Welcome to this edition of the Click Pledge's Fundraising Command Center Podcast, where we talk the why, the what, and the how in the Click and Pledge's ecosystem.
Speaker 2:Yep.
Speaker 1:So that's the official welcome, but today our mission is, a little simpler and honestly much deeper. We are launching into the Why series and I am just so excited to introduce this as part one of our five part series, The Story with a Thousand Endings. We spent so much time on the transactional, how the buttons, the pages, the data that we really felt we needed to step back and look at the the fundamental architecture of connection.
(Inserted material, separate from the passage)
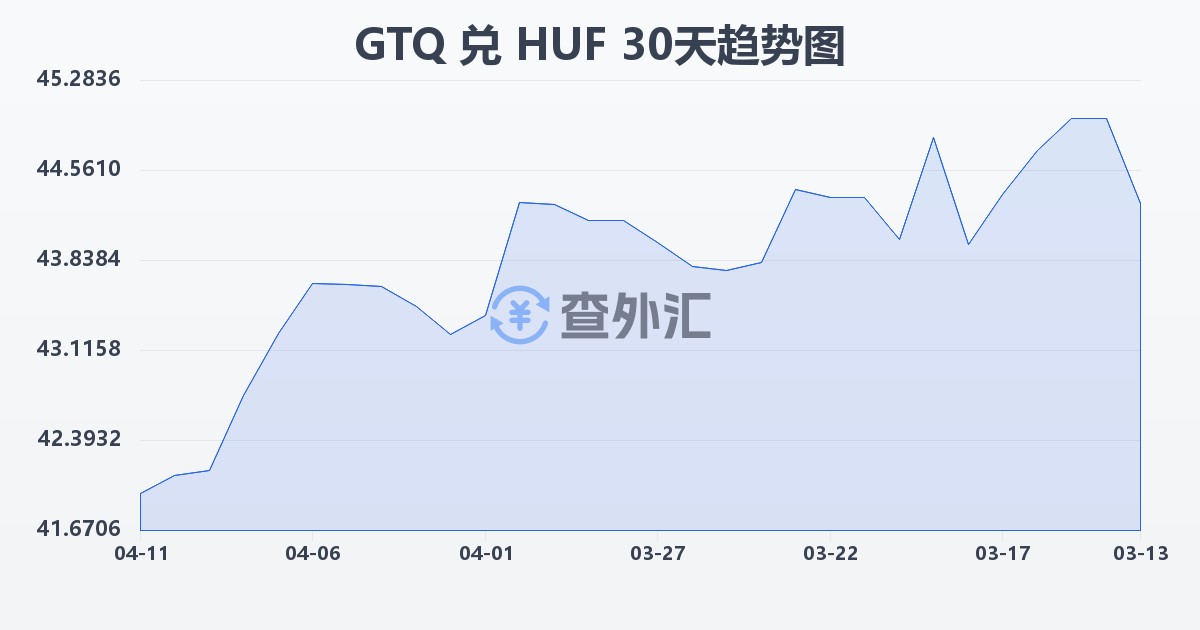 危地马拉格查尔兑匈牙利福林(GTQ/HUF)近30天汇率走势图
Speaker 2:Exactly. Our whole mission for this series is to redefine what effective fundraising even is. We suggest you shift away from seeing it as just a marketing task, you know, a transactional exchange.
Speaker 1:Right.
Speaker 2:And instead, embrace it as, well, almost a sacred invitation to a mythic journey. We really want to transform how you connect with your donors by giving them a real powerful role in a much bigger story.
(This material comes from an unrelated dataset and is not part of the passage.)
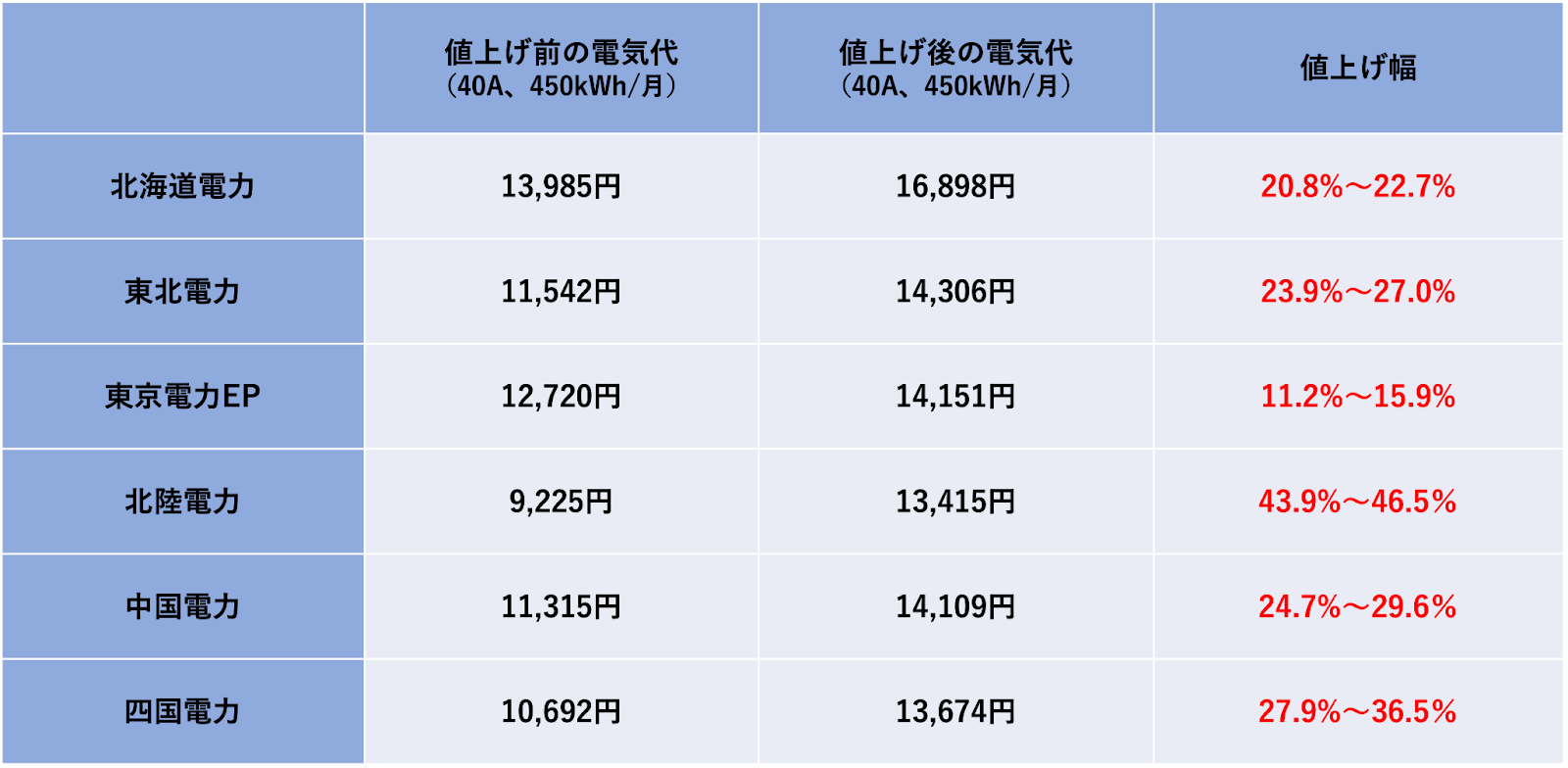 各電力会社の値上げ幅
Speaker 1:So the idea here is to give you a genuine framework.
Speaker 2:Yeah.
Speaker 1:A map really. For structuring the donor's experience so that the simple act of giving becomes something epic. It elevates the donor from just being a customer to being a co creator.
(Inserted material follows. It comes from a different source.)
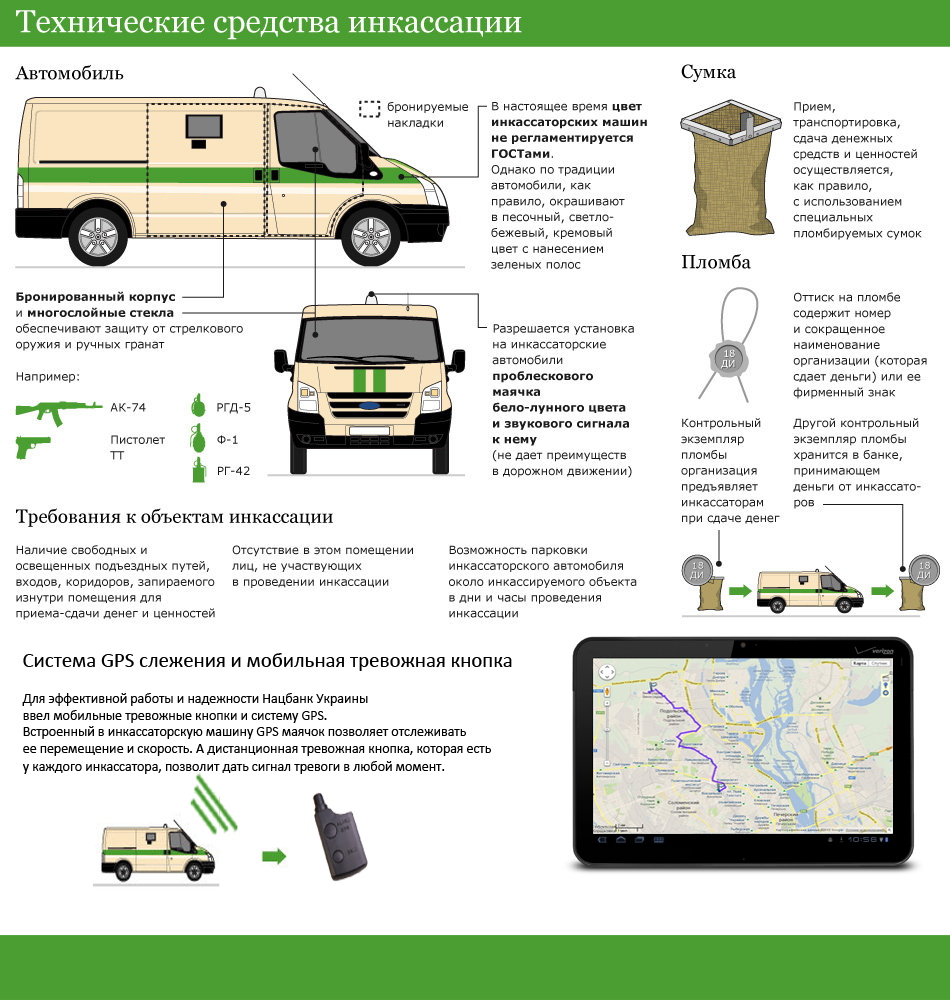 Порядок инкассации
Speaker 2:And to do that we look to, I mean, the master map maker of narrative himself, Joseph Campbell. The foundation for this whole deep dive is his work. Specifically, the hero with a thousand faces. We've adapted its patterns to create our five stage roadmap.
Speaker 1:A roadmap for the donor's experience.
Speaker 2:Exactly. We suggest you stop viewing the donor as a target audience to be converted and start seeing them as a potential hero, you know, embarking on this journey of impact.
Speaker 1:I love that framing, the mythic donor. It just gives so much more weight to the decision to engage. So before we jump into today's focus, let's just quickly outline those five stages so everyone knows the landscape we'll be covering.
Speaker 2:Absolutely. So we've broken the hero's journey down into five key phases, and they're all framed around the donor's ultimate success. First, and this is our whole focus today, is the call to adventure.
Speaker 1:Okay.
Speaker 2:This is the sudden emotional shock. It's a short story, really flash fiction, that creates this essential gap of pain.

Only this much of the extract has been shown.